This will be a walk-through of the spatial joins and areal calculations needed to do a spatial overlay of modern census boundaries and historic redlining data. However, this process can apply to more general aggregation practices.
Redlining was the systematic practice of outlining, often racial or ethnic, neighborhoods or communities often by financial service industries such as banking and insurance for the denial of various services or the selective raising of prices. Historic redlining data can help characterize or contextualize modern census block data. However, redlining boundaries were are heterogeneous as the practice of redlining itself, and was practiced by various individuals and industries on both official and “unofficial” basis. Additionally, census boundaries are constantly in flux, growing and shrinking to accommodating moving and dynamic populations. Also, when comparing data historically, like modern data census boundaries and boundaries drawn approximately 80 years ago, appropriate aggregation becomes important. Therefore, it is important to learn how to do spatial joins and areal calculations that can identify what percent of a block is covered by a redlined area category.

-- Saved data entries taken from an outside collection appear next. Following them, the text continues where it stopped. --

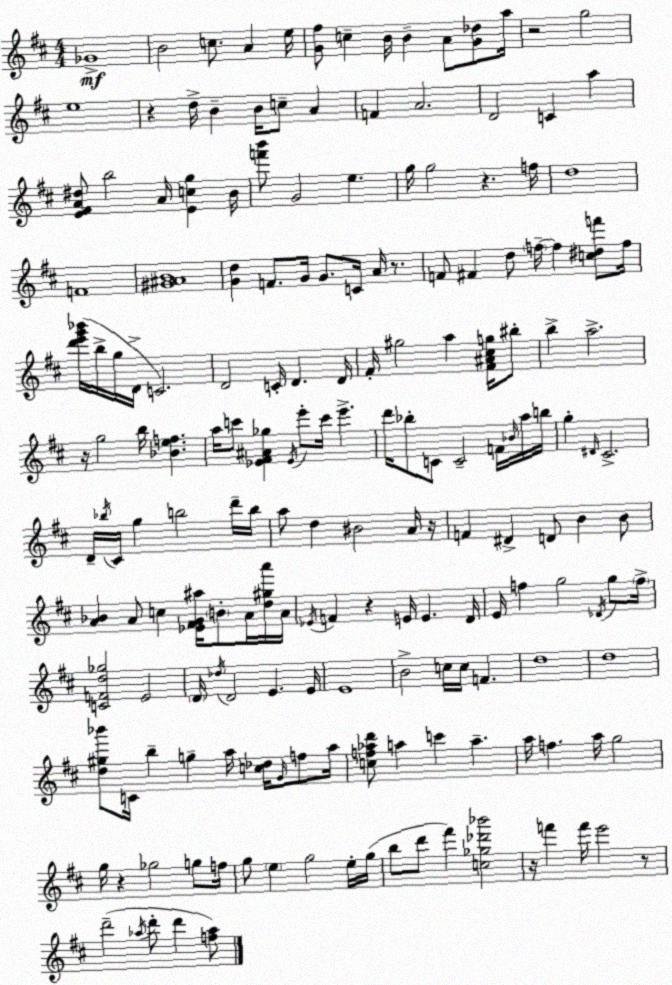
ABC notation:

X:1
T:Untitled
M:4/4
L:1/4
K:D
_G4 B2 c/2 A e/4 [G^f]/2 c B/4 B A/2 [G_d]/2 a/4 z2 g2 e4 z d/4 B B/4 c/2 A F A2 D2 C a [E^FA^d]/2 b2 A/4 [Ecg] B/4 [f'b']/2 G2 e g/4 g2 z f/4 d4 F4 [^G^AB]4 [Gd] F/2 G/4 G/2 C/4 A/4 z/2 F/2 ^F d/2 f/4 f [c^df']/2 f/4 [d'e'g'_b']/4 b/4 g/4 D/4 C2 D2 C/4 D D/4 ^F/4 ^g2 a [^F^A^cg]/4 ^b/2 b a2 z/4 g2 b/4 [_Bef] a/4 c'/2 [_E^F^A_g] _E/4 e'/2 c'/4 e' d'/4 _b/2 C/2 C2 F/4 _B/4 a/4 b/4 g ^D/4 ^C2 D/4 _b/4 ^C/4 g b2 d'/4 b/4 a/2 d ^B2 A/4 z/4 F ^D D/2 B B/2 [A_B] A/2 c [_E^FG^a]/4 B/2 A/4 [d^ga']/4 A/4 _E/4 F z E/4 E D/4 E/4 f g2 _D/4 g/2 f/4 [CFd_g]2 E2 D/4 _d/4 D2 E E/4 E4 B2 c/4 c/4 F d4 d4 [d^g_b']/2 C/4 b g a/4 [c_d]/4 G/4 f/2 a/4 [cf_ad']/2 a c' a a/4 f a/4 g2 g/4 z _g2 g/2 f/4 g/2 e g2 e/4 g/4 b/2 d'/2 ^f' [c_g_d'_b']2 z/4 f' f'/4 e'2 z/2 d'2 _a/4 d'/2 d' [f_a]/2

The redlining boundaries and category are taken from the United State’s federal government’s Howe Owner’s Loan Corporation between 1935 and 1940. This is by no means the only redlining maps created, as various industries participated in redlining from health care to supermarkets, nor is it definitive for the banking or insurance industries where different companies could have thier own maps. Redlining is also not only a historic practice, with insurance companies in Ohio, for example, allowing the continued use of demographic data at the ZIP code level to determine insurance rate.
Pre-steps are to download the data from the links provided in the data section. Then, library the necessary packages
library(sf)
library(tidyverse)
library(tigris)
library(tmap)
library(ggplot2)
library(leaflet)
Read in the shapefile and then subset by desired state and city and select desired columms.

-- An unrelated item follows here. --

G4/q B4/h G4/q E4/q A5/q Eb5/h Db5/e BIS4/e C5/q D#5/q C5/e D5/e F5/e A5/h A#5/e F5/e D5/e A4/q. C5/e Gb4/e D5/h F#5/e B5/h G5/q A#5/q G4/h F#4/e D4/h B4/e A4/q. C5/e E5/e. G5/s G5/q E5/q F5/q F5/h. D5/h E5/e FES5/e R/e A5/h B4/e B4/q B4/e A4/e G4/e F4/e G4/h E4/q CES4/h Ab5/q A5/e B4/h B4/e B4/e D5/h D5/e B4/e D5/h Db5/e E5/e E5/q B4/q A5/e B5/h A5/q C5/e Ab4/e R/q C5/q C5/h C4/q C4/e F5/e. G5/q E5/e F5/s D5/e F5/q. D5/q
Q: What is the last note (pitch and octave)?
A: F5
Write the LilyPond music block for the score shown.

nation_redlining <- st_read("/Users/elizabethzazycki/redlining shapefile/shapefile/holc_ad_data.shp")
## Reading layer `holc_ad_data' from data source `/Users/elizabethzazycki/redlining shapefile/shapefile/holc_ad_data.shp' using driver `ESRI Shapefile'
## Simple feature collection with 8878 features and 7 fields (with 3 geometries empty)
## geometry type: MULTIPOLYGON
## dimension: XY
## bbox: xmin: -122.7675 ymin: 25.70537 xmax: -70.9492 ymax: 47.72251
## CRS: 4326
philly_redlining <- subset(nation_redlining, state == "PA" & city == "Philadelphia") %>%
select(holc_grade, geometry)
view(philly_redlining)
Visulize:
plot(philly_redlining)
Load in shapefile of Philadelphia’s Census blocks.
philly_blocks <- st_read("/Users/elizabethzazycki/Philly Project/Census_Block_Groups_2010-shp/Census_Block_Groups_2010.shp") %>%
select(NAMELSAD10) #name of census blocks
## Reading layer `Census_Block_Groups_2010' from data source `/Users/elizabethzazycki/Philly Project/Census_Block_Groups_2010-shp/Census_Block_Groups_2010.shp' using driver `ESRI Shapefile'
## Simple feature collection with 1336 features and 15 fields
## geometry type: POLYGON
## dimension: XY
## bbox: xmin: -75.28031 ymin: 39.86747 xmax: -74.95575 ymax: 40.13793
## CRS: 4326
view(philly_blocks)
Visualize:
Since we are going to be doing calculations it is important to first check that all our data is in the same CRS and that we have a CRS with appropriate units.
st_crs(philly_blocks)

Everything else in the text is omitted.